Yet, his legend lives on.

Harris, who stood 6-1, 225, played from 1972 through ’74, primarily at inside linebacker. He still holds the school single-season record for tackles by a linebacker (188) and ranks eighth with 415 career stops. It should be noted that he did this in three seasons, as in his day freshmen were ineligible.

Harris’ legend grows during bowl season, as he was a major factor in one of the most dramatic and melodramatic postseason wins in school history, Tech’s 31-30 victory over Iowa State in the 1972 Liberty Bowl.

The game, in which the Yellow Jackets overcame a 14-3 first-quarter deficit, then stopped the Cyclones on a potential game-winning two-point conversion late in the fourth, spoke volumes about the team. The Jackets’ ability to focus amid the controversy that swirled around them following the suspension of quarterback Eddie McAshan — especially the team’s African-American players — said even more about their character. No one better personified that focus and character than Harris.

A 2000 Georgia Tech Athletics Hall of Fame inductee, he is still passionate about Georgia Tech football and can be found at Bobby Dodd Stadium at every Yellow Jackets home game, where he is eager to talk about the glory days.

Harris, who recently turned 58, addressed a number of topics, including the secrets to his success, the ’72 season, the mixed emotions heading into the Liberty Bowl, and similarities in his teams and the 2010 Yellow Jackets.

STING DAILY: What are your memories of the 1972 season?

JOE HARRIS: The ’72 season was actually really one of the most exciting seasons that I had at Georgia Tech. That was my sophomore year and I got to play different positions. I played safety plus linebacker and did a lot of special things, just showing my ability and getting the opportunity to see what I was all about as an athlete. The season was really exciting.

SD: Among the biggest games that year was an upset of Michigan State in East Lansing. What do you recall from that game?

JH: I had, I think, 17 tackles playing safety, out of position. My teammates were really sometimes under-estimated. I can never forget it. When we went to Michigan State, they had all these big guys, big players, Billy Joe DuPree, Brad Van Pelt. They had these giants and it was sort of like a David and Goliath story that we beat them. The first pass that Eddie McAshan threw, the long touchdown, there was over 100,000 people in that stadium, I remember you could have dropped a pin and heard it, it was so quiet. They really could not believe that those little guys stopped their big running backs. We had a lot of belief in what we did and knew that we could overcome and make things happen.

Linebacker was normal position for me. Safety was kind of out of position, but safeties and linebackers are similar in what we do, you come up to support the run and you cover. It’s just [safeties] are a little faster. One of my positive sides was that I was a quick linebacker. That was something that was different back then. We didn’t have a lot of fast linebackers. I could run with almost anybody.

SD: How does it feel to still own the school’s single-season tackles record?

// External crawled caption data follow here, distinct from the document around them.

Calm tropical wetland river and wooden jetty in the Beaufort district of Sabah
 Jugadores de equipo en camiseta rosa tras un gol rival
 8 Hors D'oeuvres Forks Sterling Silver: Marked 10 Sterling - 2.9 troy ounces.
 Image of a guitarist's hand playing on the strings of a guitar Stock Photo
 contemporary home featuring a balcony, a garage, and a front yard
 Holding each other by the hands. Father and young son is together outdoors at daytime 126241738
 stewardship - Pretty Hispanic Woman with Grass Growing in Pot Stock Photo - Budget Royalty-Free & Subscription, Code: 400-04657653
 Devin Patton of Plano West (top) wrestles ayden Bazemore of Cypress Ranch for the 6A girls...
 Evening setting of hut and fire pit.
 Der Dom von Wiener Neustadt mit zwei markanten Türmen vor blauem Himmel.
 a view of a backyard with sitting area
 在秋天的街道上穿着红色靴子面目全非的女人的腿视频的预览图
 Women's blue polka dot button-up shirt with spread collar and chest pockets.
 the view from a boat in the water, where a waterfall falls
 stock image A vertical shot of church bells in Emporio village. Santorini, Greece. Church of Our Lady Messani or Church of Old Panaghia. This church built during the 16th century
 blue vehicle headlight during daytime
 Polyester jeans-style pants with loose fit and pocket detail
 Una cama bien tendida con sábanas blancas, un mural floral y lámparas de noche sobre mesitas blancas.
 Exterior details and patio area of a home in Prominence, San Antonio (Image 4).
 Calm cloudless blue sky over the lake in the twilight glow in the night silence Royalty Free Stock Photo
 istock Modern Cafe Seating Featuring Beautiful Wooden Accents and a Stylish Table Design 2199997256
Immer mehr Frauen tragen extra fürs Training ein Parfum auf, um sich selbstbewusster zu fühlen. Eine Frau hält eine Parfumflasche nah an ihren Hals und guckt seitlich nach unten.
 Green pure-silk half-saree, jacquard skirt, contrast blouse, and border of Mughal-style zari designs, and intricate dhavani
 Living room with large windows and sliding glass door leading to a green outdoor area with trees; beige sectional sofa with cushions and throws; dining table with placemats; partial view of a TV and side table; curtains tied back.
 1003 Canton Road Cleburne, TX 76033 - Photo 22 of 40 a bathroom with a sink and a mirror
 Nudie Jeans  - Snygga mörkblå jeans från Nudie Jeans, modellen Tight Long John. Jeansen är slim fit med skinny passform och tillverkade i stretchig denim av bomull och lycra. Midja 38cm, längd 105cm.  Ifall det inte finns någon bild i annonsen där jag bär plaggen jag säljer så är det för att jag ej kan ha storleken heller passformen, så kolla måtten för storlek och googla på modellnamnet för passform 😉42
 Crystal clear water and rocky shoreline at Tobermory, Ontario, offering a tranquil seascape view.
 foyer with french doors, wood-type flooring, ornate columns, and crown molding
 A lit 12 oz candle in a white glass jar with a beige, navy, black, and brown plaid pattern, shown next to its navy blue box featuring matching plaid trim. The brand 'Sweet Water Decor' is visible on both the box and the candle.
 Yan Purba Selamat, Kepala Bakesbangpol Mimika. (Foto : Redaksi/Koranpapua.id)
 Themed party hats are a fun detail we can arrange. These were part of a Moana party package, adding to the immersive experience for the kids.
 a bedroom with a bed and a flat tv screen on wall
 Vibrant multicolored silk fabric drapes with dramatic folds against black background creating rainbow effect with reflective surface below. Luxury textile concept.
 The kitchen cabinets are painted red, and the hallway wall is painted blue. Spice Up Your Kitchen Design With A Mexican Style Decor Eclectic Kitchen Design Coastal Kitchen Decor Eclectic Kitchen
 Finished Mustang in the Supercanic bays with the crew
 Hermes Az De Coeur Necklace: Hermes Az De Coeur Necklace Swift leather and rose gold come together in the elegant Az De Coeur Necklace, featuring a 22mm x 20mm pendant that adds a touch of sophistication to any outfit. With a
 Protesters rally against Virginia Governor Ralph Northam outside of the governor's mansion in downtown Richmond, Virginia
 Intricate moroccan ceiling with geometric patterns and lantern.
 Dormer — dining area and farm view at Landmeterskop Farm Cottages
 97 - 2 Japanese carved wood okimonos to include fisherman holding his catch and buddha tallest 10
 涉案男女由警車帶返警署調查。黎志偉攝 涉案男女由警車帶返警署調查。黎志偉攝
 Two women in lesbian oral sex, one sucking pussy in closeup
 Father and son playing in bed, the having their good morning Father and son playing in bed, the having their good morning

JH: It went back to a lot of things that I was doing. Every week I was meditating on what I wanted to do before the game. I would write it down on paper, and I had it on all my mirrors my goals that I wanted to do. Three days before the game, I would meditate on the things that I wanted to happen in the game and one of those things actually happened in the game. I always wanted to average at least 12 tackles a game.

I would do a lot of film study and that was one of the keys, too. I was good at body language. I could look at formations and, back then, in college, they’d dictate what’s going to happen. So I anticipated a lot. I would look at the running backs, how they stand, what they did in their motions and when they lined up, I could see and feel what they were going to do before they did it. So a lot of times they would say, ‘Do you know our plays?’ I said, ‘I don’t really know your plays but I know your body language (laughs) and I do know the formations dictate to certain things you do.’

SD: How difficult was the controversy prior to the ’72 LIberty Bowl?. How did it affect the team?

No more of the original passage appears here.